Records shown:
BEGIN

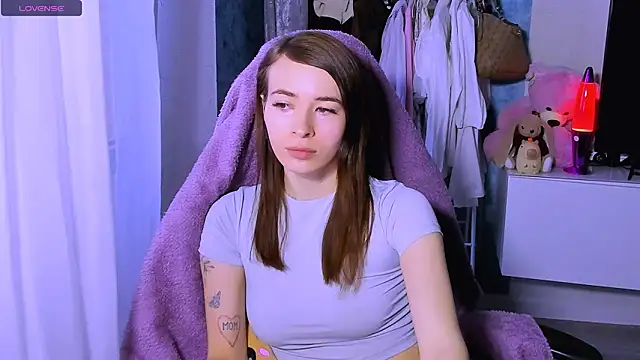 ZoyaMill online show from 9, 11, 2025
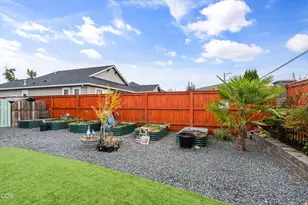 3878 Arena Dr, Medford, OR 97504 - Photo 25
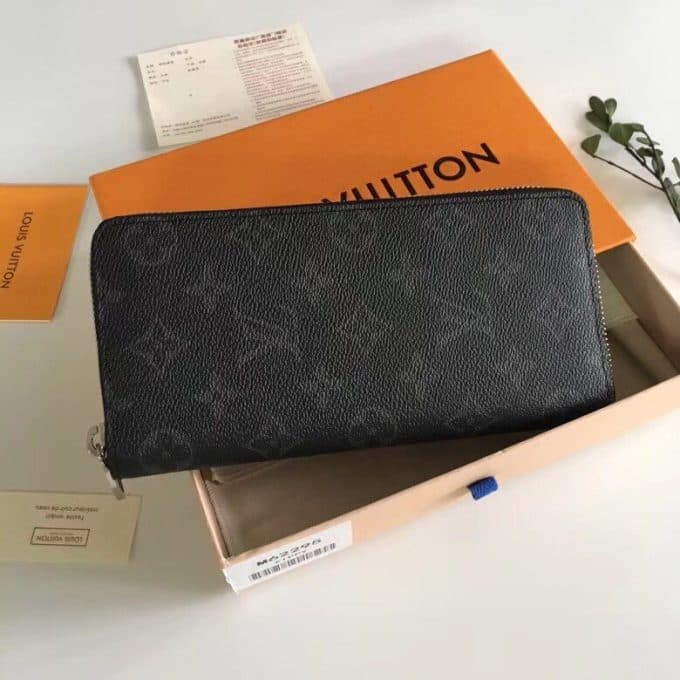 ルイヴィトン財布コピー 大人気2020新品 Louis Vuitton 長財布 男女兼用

END
BEGIN

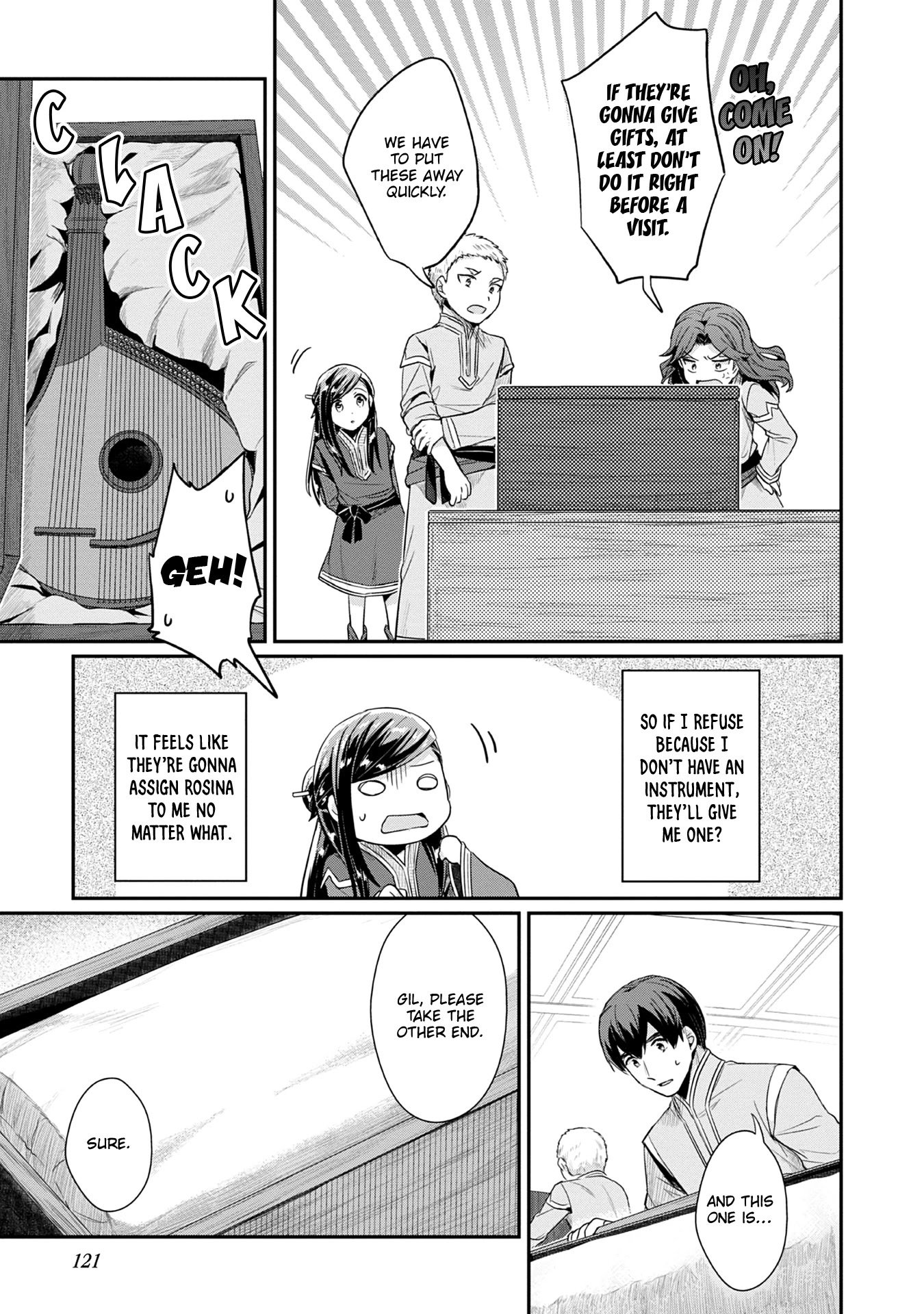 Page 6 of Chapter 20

END
BEGIN

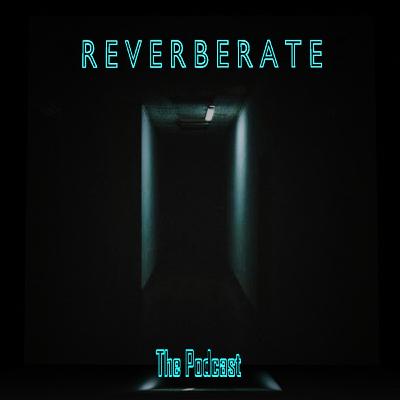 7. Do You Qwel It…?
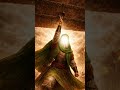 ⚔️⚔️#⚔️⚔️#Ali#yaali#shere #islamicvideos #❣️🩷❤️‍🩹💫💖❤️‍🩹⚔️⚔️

END

Give back exactly, and solely, the section of the data above bounded by the line containing "ZoyaMill online show from 9, 11, 2025" and the line containing "ルイヴィトン財布コピー 大人気2020新品 Louis Vuitton 長財布 男女兼用", both bounding lines included and pictures omitted.

Exercise solution:
 ZoyaMill online show from 9, 11, 2025
 3878 Arena Dr, Medford, OR 97504 - Photo 25
 ルイヴィトン財布コピー 大人気2020新品 Louis Vuitton 長財布 男女兼用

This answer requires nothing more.